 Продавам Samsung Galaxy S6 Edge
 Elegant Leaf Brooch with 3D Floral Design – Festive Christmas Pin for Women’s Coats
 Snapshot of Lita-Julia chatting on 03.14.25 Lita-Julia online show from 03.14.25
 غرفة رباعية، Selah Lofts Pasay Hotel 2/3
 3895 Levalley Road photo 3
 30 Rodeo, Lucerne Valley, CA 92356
==
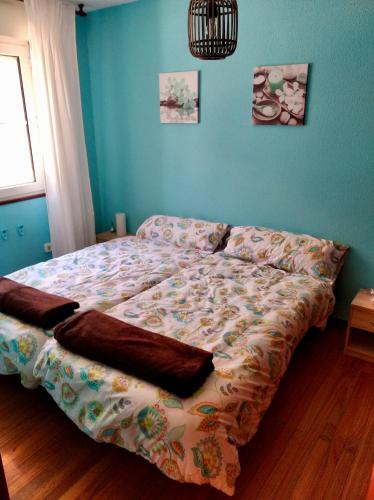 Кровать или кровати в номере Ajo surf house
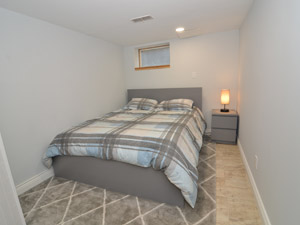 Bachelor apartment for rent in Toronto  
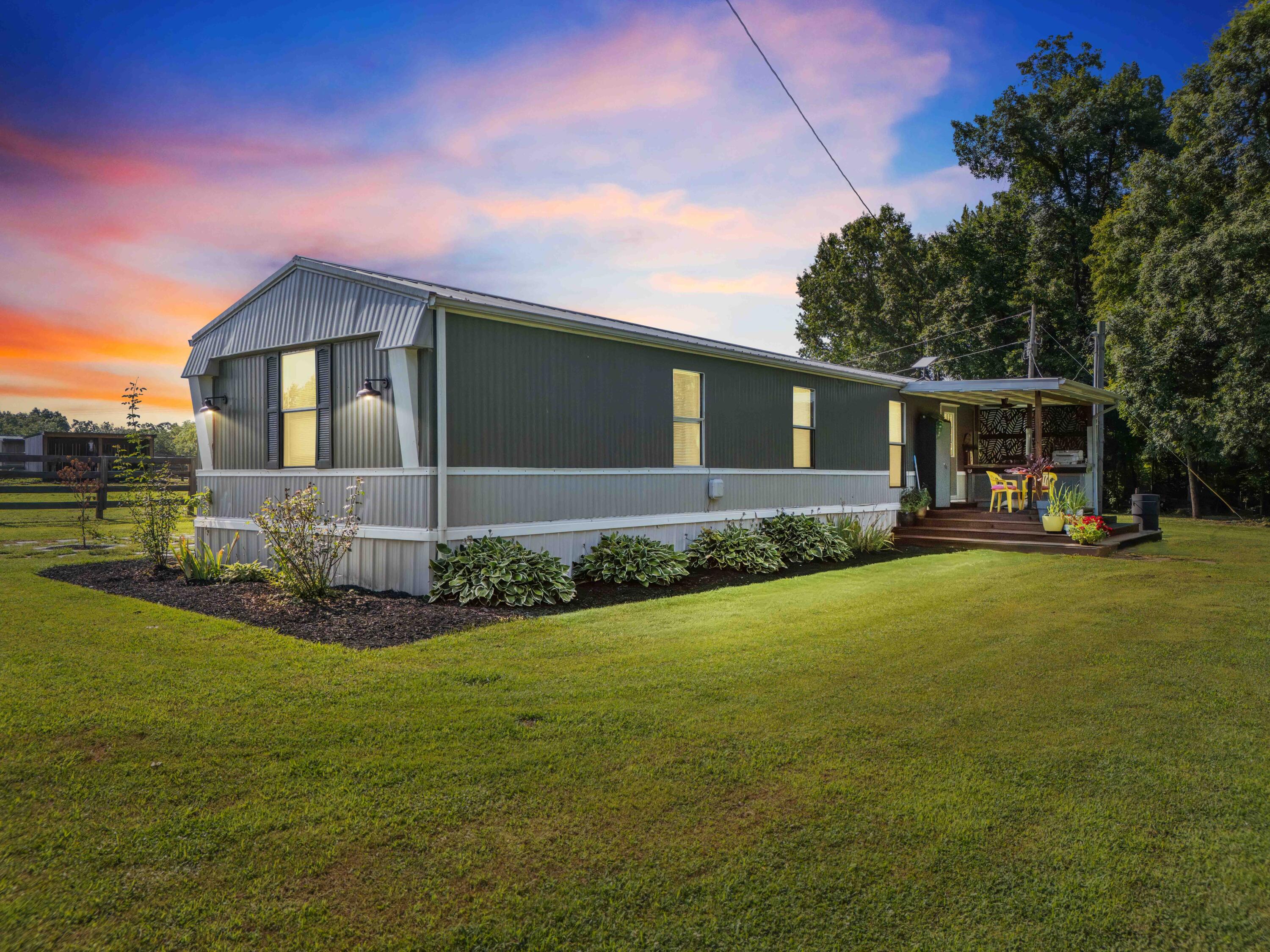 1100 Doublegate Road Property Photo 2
---
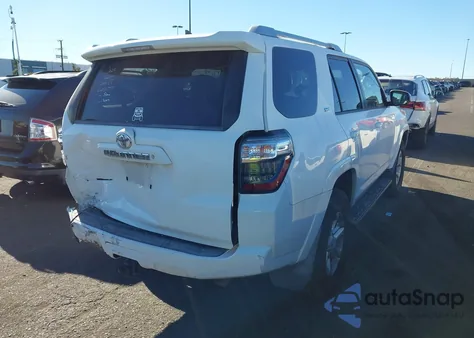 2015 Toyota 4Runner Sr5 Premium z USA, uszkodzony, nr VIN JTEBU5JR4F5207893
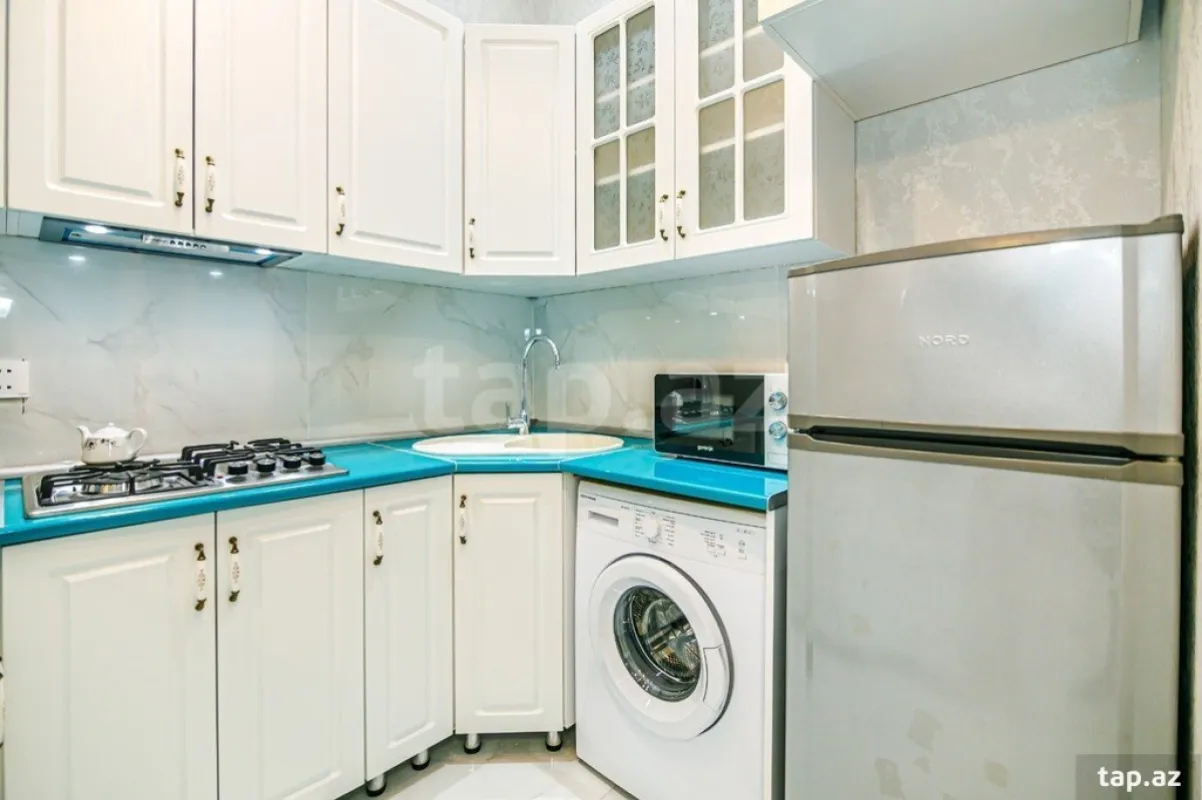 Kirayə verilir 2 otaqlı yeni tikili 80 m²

◆ EXERCISE BRIEF: When you reach the line in the material above that holds "Продавам Samsung Galaxy S6 Edge", begin reproducing lines exactly, and stop after the line that holds "30 Rodeo, Lucerne Valley, CA 92356".

◆ SOLUTION:
 Продавам Samsung Galaxy S6 Edge
 Elegant Leaf Brooch with 3D Floral Design – Festive Christmas Pin for Women’s Coats
 Snapshot of Lita-Julia chatting on 03.14.25 Lita-Julia online show from 03.14.25
 غرفة رباعية، Selah Lofts Pasay Hotel 2/3
 3895 Levalley Road photo 3
 30 Rodeo, Lucerne Valley, CA 92356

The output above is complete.